Dataset section:

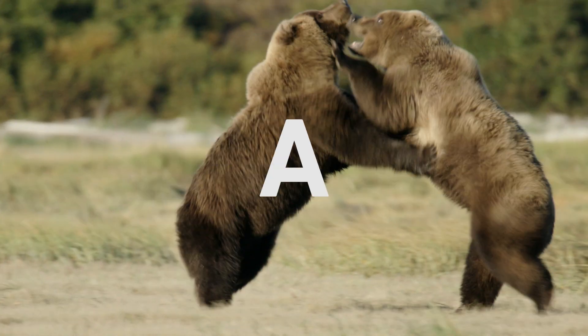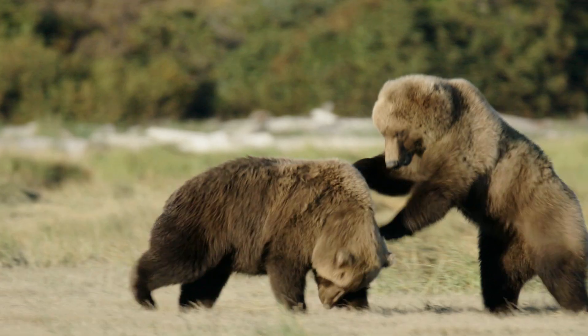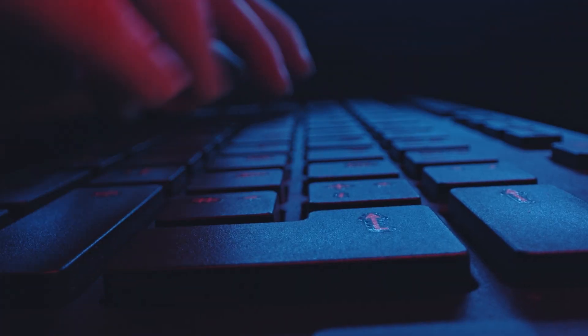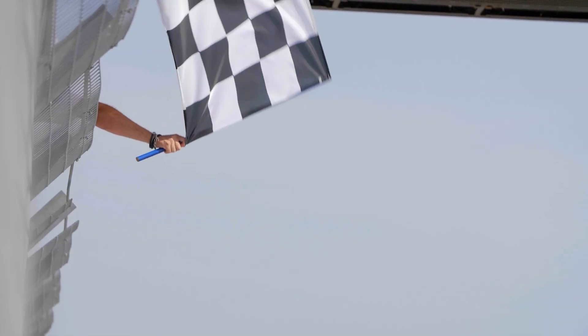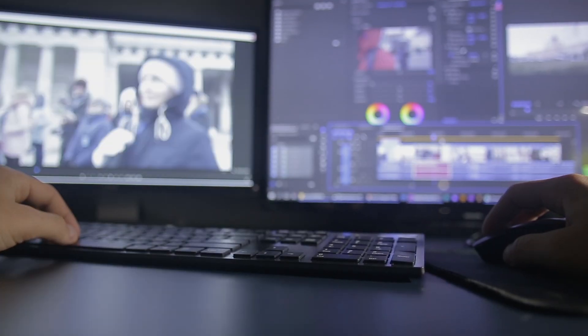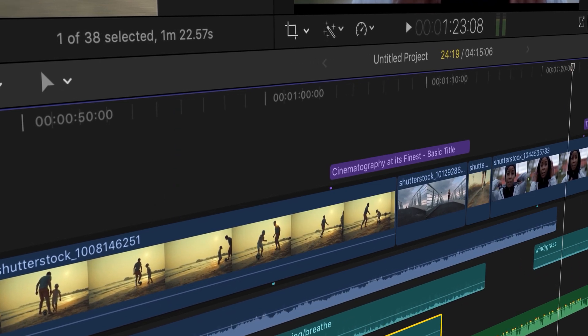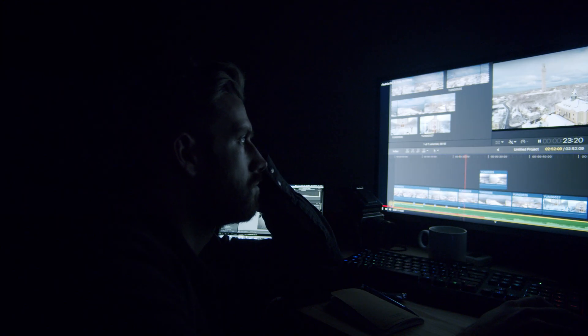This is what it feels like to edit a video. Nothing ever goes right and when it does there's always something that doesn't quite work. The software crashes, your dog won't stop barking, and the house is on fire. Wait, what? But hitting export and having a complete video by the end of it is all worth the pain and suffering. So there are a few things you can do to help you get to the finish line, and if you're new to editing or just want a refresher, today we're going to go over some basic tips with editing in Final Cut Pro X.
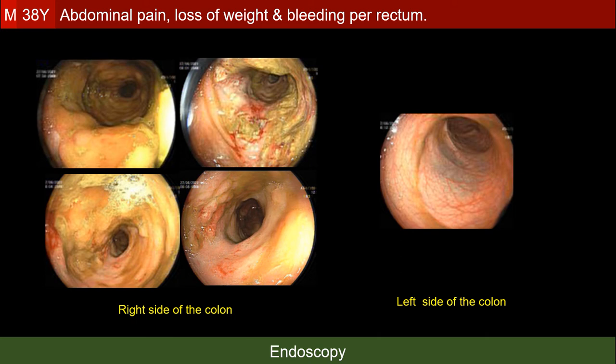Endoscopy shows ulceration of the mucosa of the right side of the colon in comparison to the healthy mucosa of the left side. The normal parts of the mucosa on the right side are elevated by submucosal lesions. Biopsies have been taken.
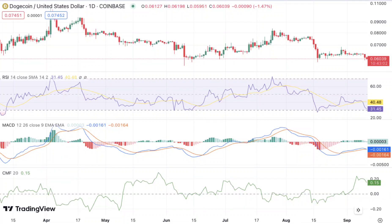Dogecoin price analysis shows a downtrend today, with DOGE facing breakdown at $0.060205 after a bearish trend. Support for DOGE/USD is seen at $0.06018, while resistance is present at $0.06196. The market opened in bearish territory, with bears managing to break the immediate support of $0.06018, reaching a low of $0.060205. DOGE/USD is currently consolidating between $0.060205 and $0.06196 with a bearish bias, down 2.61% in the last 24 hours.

Prompt: Reproduce the data word for word, excluding its pictures.

Completed exercise:
This is what it feels like to edit a video. Nothing ever goes right and when it does there's always something that doesn't quite work. The software crashes, your dog won't stop barking, and the house is on fire. Wait, what? But hitting export and having a complete video by the end of it is all worth the pain and suffering. So there are a few things you can do to help you get to the finish line, and if you're new to editing or just want a refresher, today we're going to go over some basic tips with editing in Final Cut Pro X.
Endoscopy shows ulceration of the mucosa of the right side of the colon in comparison to the healthy mucosa of the left side. The normal parts of the mucosa on the right side are elevated by submucosal lesions. Biopsies have been taken.
Dogecoin price analysis shows a downtrend today, with DOGE facing breakdown at $0.060205 after a bearish trend. Support for DOGE/USD is seen at $0.06018, while resistance is present at $0.06196. The market opened in bearish territory, with bears managing to break the immediate support of $0.06018, reaching a low of $0.060205. DOGE/USD is currently consolidating between $0.060205 and $0.06196 with a bearish bias, down 2.61% in the last 24 hours.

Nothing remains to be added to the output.